About this task:
Give exactly the lines from the one with "Women Black White Stripe Buttoned Cami Top" through the final line of the listing below, both included, leaving out any pictures.

• • •

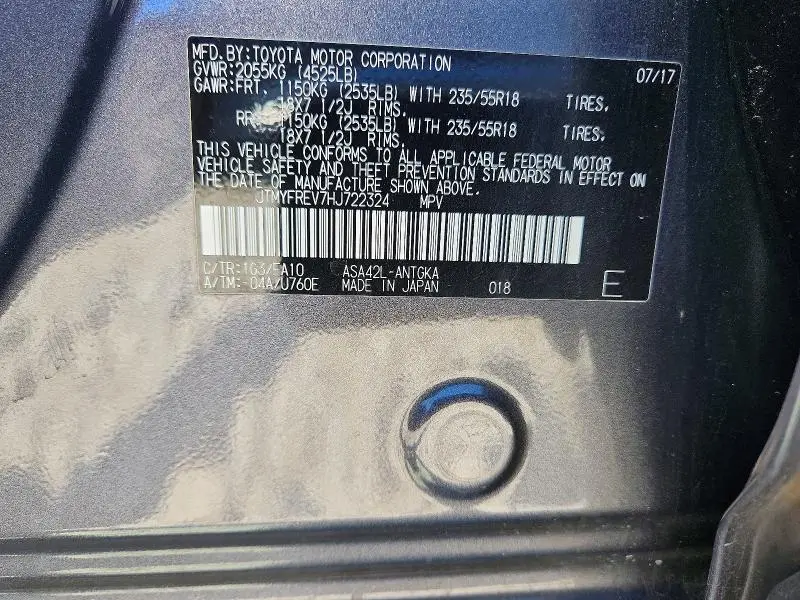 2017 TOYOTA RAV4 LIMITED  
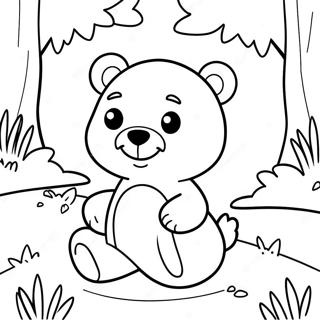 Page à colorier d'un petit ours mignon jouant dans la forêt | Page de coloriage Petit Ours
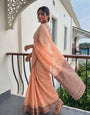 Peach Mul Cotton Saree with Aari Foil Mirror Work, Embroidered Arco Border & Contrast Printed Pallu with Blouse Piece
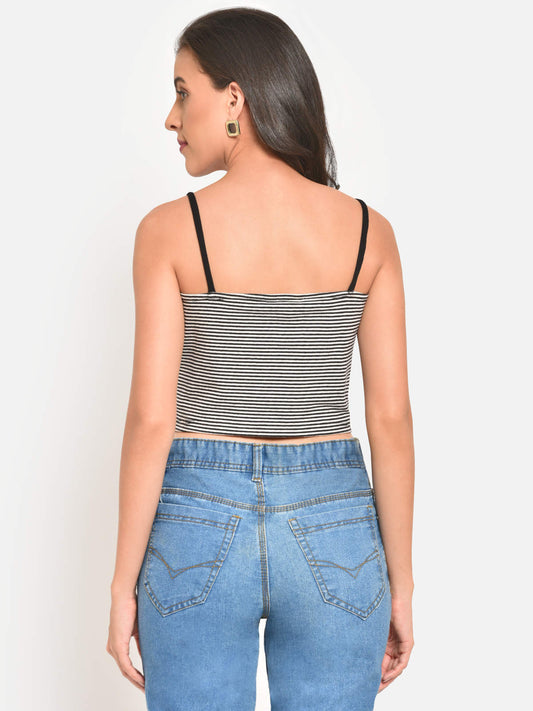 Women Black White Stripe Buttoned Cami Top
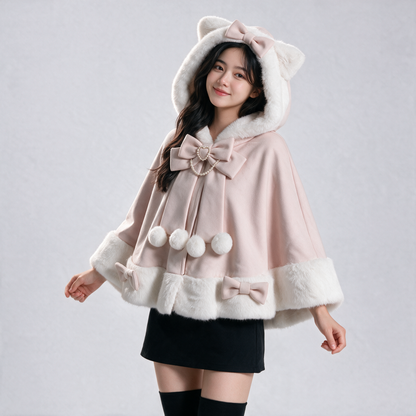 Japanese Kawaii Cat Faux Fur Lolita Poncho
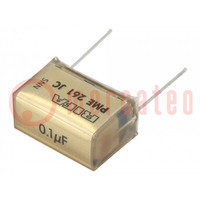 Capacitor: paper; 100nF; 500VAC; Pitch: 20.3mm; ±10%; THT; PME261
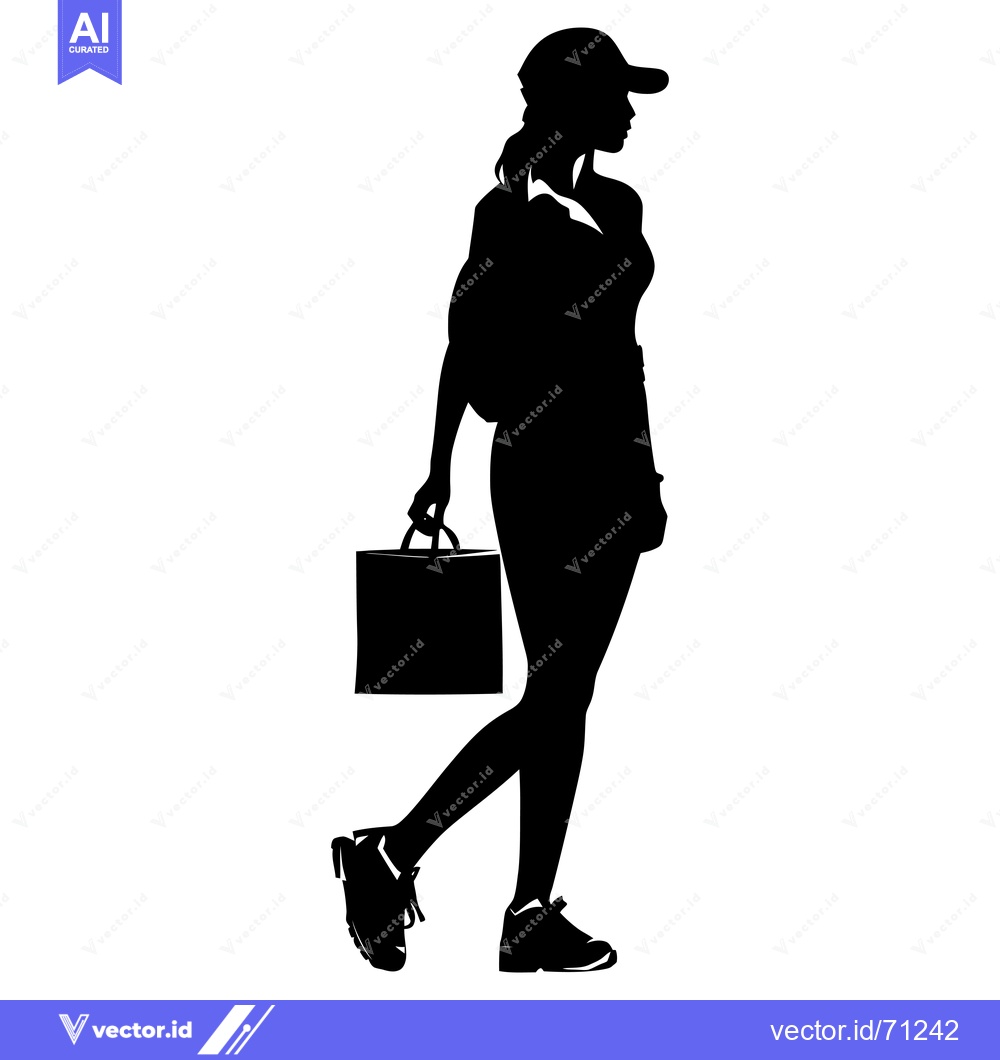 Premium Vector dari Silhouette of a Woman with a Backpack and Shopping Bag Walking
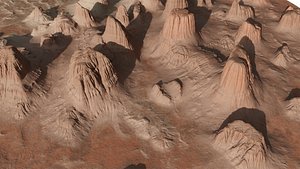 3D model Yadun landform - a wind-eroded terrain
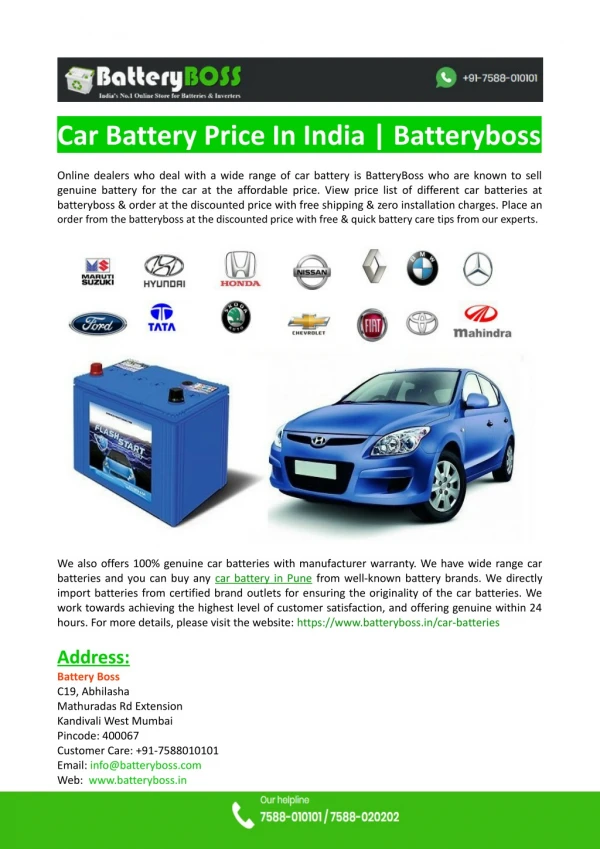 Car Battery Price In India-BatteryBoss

• • •

Exercise answer:
 Women Black White Stripe Buttoned Cami Top
 Japanese Kawaii Cat Faux Fur Lolita Poncho
 Capacitor: paper; 100nF; 500VAC; Pitch: 20.3mm; ±10%; THT; PME261
 Premium Vector dari Silhouette of a Woman with a Backpack and Shopping Bag Walking
 3D model Yadun landform - a wind-eroded terrain
 Car Battery Price In India-BatteryBoss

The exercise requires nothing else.